Confessiamo che diversi anni addietro Johns ci ha conquistati "a vita" con la Rinascita di Lanterna Verde: riportare in auge Hal Jordan dopo gli sconquassi a cui lo stesso era stato sottoposto e le azioni commesse come Parallax era quasi impossibile. Eppure l'autore statunitense ha trovato il grimaldello giusto, sotto forma di "impurità"… Allo stesso modo alla base di tutta l'architettura della articolata storyline di cui Doomsday Clock costituirà il culmine - non per caso introdotta da un numero speciale intitolato "Rinascita" - si pone un "piccolo" dettaglio seminato da Moore: il Dr. Manhattan, raggiunta alla fine di Watchmen una chiara dimensione divina, aveva affermato la sua intenzione di creare vita nell'universo…
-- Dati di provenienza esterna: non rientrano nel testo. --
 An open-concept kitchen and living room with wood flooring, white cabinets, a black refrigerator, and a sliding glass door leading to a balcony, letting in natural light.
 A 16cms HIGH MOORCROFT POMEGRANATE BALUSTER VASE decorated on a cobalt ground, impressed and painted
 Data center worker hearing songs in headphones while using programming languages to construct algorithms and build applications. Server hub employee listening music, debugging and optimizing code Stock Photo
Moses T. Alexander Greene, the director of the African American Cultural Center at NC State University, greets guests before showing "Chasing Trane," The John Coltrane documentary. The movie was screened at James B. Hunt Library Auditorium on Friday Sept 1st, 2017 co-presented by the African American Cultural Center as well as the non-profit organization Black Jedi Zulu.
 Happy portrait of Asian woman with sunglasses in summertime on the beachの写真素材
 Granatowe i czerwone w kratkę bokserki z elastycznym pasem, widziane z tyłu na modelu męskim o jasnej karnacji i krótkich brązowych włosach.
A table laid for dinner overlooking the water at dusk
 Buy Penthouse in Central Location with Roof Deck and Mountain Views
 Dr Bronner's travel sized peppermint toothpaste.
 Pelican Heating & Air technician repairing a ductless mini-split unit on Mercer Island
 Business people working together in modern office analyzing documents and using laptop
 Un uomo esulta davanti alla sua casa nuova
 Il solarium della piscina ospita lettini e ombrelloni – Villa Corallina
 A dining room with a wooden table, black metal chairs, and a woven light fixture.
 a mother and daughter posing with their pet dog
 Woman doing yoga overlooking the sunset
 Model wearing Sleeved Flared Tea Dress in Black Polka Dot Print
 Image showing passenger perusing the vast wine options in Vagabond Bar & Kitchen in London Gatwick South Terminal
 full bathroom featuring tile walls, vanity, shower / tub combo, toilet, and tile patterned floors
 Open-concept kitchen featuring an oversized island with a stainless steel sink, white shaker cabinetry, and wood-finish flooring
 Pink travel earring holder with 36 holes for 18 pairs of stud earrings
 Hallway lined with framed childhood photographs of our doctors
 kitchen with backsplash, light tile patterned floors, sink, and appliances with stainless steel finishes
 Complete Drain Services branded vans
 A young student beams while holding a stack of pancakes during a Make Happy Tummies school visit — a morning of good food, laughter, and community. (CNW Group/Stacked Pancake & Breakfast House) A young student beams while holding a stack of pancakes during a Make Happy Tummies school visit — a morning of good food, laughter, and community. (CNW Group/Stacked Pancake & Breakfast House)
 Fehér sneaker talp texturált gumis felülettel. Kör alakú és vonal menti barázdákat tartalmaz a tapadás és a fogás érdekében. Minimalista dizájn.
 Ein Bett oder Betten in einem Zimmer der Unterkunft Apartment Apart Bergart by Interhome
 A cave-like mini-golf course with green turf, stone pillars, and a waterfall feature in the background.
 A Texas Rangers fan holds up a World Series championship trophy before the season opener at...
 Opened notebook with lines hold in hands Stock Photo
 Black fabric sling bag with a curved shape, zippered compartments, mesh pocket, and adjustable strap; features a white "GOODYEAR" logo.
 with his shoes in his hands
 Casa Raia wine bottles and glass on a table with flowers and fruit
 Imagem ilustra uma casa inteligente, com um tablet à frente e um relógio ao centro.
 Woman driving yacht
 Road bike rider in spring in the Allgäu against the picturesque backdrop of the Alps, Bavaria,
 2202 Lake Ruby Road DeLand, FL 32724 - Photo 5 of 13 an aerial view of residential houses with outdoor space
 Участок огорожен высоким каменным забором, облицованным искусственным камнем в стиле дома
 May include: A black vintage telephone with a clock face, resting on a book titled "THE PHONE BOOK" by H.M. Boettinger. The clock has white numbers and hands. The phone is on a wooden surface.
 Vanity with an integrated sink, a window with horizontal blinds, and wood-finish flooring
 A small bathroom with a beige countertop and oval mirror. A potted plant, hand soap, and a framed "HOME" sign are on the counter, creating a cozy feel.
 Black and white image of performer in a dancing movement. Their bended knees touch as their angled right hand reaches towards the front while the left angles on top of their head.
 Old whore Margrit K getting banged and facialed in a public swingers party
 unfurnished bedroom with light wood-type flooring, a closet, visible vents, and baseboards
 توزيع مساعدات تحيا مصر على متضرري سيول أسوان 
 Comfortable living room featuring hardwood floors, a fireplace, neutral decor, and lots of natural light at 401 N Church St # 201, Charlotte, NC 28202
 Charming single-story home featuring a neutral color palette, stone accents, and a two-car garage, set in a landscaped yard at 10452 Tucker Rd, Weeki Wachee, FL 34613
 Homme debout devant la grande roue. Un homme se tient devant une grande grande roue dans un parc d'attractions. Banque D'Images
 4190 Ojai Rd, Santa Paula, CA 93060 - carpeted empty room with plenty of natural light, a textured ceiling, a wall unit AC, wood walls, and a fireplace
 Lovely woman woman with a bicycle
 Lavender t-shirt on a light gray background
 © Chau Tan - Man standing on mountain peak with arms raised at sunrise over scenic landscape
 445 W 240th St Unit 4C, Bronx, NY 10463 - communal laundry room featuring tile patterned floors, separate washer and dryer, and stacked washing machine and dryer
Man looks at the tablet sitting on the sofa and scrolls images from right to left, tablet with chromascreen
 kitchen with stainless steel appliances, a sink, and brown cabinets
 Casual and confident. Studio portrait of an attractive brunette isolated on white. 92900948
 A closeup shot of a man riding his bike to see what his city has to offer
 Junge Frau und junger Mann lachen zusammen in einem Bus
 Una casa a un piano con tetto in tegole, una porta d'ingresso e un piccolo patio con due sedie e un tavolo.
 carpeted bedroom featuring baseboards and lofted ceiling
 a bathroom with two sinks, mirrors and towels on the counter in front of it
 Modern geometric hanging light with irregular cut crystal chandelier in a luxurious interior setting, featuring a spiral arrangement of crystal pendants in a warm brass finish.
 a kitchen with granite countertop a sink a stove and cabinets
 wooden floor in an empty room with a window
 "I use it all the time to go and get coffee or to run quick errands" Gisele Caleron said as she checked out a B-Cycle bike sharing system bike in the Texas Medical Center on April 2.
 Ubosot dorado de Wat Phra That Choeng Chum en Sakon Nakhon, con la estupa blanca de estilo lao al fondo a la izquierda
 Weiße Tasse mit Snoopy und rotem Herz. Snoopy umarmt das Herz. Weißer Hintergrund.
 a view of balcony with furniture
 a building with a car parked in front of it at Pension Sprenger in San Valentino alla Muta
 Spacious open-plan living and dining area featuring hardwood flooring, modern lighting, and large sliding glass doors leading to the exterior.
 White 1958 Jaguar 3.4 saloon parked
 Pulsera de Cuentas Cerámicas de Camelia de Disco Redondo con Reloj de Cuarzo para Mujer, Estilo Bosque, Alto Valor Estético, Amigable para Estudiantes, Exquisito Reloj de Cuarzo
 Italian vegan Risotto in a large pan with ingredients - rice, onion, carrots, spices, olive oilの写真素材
La serie dovrebbe, quindi, valere a fugare i (pochi) dubbi circa l'identificazione dell'anomalia che ha sottratto un quid all'universo DC (eliminando dalla continuity la Justice Society e la Legione dei Super Eroi, facendo dimenticare l'esistenza di Wally West e modificando il passato di alcuni eroi,  tra cui Superman) e portare allo scontro (auspichiamo non fisico o, comunque, non solo) tra Superman ed il presunto deus ex machina: il Dr. Manhattan.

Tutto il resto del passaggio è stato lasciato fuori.